--- Data in this exercise ---
____________

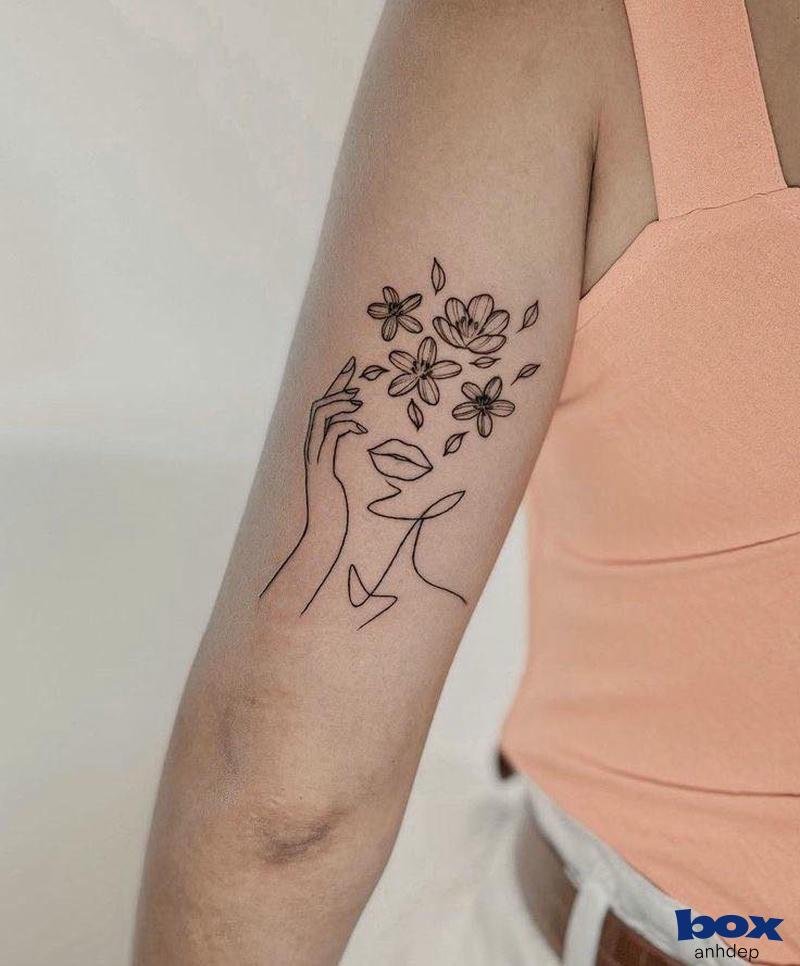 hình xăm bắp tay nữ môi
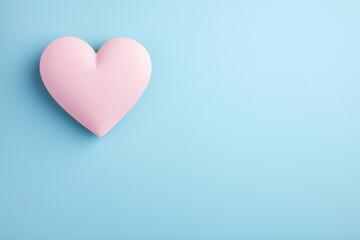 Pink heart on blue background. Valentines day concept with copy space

____________

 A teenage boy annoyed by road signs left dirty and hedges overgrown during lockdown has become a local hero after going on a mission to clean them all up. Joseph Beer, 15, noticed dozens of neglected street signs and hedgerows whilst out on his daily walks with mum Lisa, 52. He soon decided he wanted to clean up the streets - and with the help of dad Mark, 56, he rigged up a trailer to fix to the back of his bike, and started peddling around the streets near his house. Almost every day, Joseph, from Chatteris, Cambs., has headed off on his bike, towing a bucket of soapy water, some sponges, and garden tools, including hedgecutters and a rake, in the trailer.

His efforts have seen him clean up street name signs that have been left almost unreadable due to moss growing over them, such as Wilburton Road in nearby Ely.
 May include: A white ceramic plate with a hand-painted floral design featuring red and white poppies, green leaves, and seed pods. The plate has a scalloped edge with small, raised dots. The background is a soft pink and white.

____________

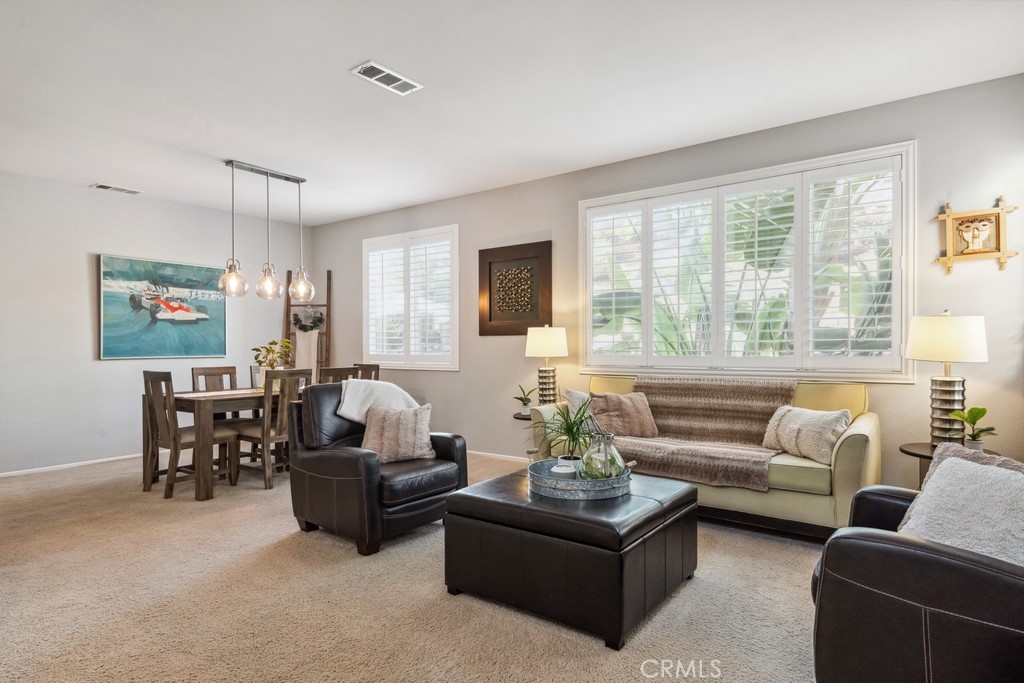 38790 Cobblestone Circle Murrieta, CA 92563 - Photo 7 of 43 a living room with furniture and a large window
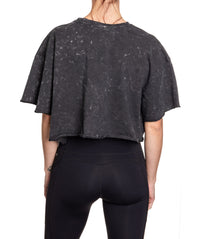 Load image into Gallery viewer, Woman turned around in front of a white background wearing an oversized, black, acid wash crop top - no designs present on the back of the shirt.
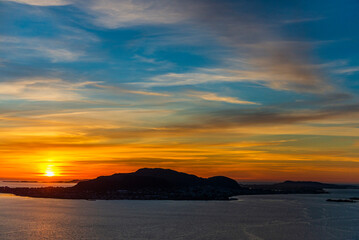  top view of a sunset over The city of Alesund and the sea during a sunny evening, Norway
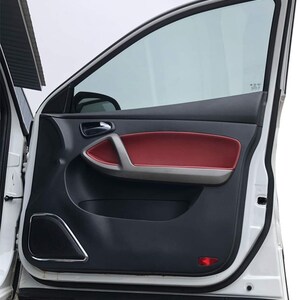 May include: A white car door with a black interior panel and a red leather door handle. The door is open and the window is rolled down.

____________

--- What to produce ---
Within these entries, output exactly the lines starting at the one with "top view of" and finishing at the one with "May include: A white car". Leave pictures out of the output.

--- Finished task ---
  top view of a sunset over The city of Alesund and the sea during a sunny evening, Norway
 May include: A white car door with a black interior panel and a red leather door handle. The door is open and the window is rolled down.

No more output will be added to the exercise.